In the HTML spec, "The rules for parsing tokens in foreign content" include an algorithm for "any other end tag". This is the algorithm at the very end of http://www.whatwg.org/specs/web-apps/current-work/multipage/tree-construction.html.

I think there are some problems with this algorithm and would appreciate any insight anyone has:

1) Step 3 includes an instruction to jump to the last step in the list of steps. But the last step begins "Otherwise", which sounds like it is an else clause. Jumping into an else clause is confusing enough that I wonder if there is an error in the algorithm wording.

2) I can't get all of the parser tests from html5lib to pass with this algorithm as it is currently written. In particular, there are 5 tests in testdata/tree-construction/tests9.dat of this basic form:

<!DOCTYPE html><body><table><math><mi>foo</mi></math></table>

As the spec is written, the <mi> tag is a text integration point, so the "foo" text token is handled like regular content, not like foreign content. And since it is in a table, it isn't inserted right away but is stored as pending table text. Then, when the </mi> tag is processed, it is processed as foreign content, going through the algorithm I'm talking about here. That pops it off the stack, and then reprocesses the </mi> tag as regular content. This causes the pending table text to be inserted, but since the <mi> has already been popped off the stack, the text gets inserted into the <math> element instead of the <mi> element.

The workaround I've found (I'm not confident that this is the correct workaround) is to change step 3 of the algorithm so that it only pops the stack if there is no pending table text.

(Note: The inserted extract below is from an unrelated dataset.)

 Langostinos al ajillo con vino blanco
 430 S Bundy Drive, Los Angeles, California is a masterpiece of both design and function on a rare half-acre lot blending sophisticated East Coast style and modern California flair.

Another potential workaround is to use the existence of pending table text as a condition for sending tokens to the regular insertion mode rather than treating them as foreign content.

3) In this set of tests http://code.google.com/p/html5lib/source/browse/testdata/tree-construction/webkit01.dat there is this test:

<math><mrow><mrow><mn>1</mn></mrow><mi>a</mi></mrow></math>

When the first </mrow> tag is parsed, it is handled as foreign content, and gets popped off the stack in step 3. Then, the token is reprocessed in body mode. It is treated in the "any other end tag" case. Since the top of the stack happens to be another mrow tag, that one gets popped too. (Other tests don't fail here because they don't happen to have two of the same tags on the stack). This means that the <mi> element ends up as a child of the <math> element instead of the outer <mrow> element.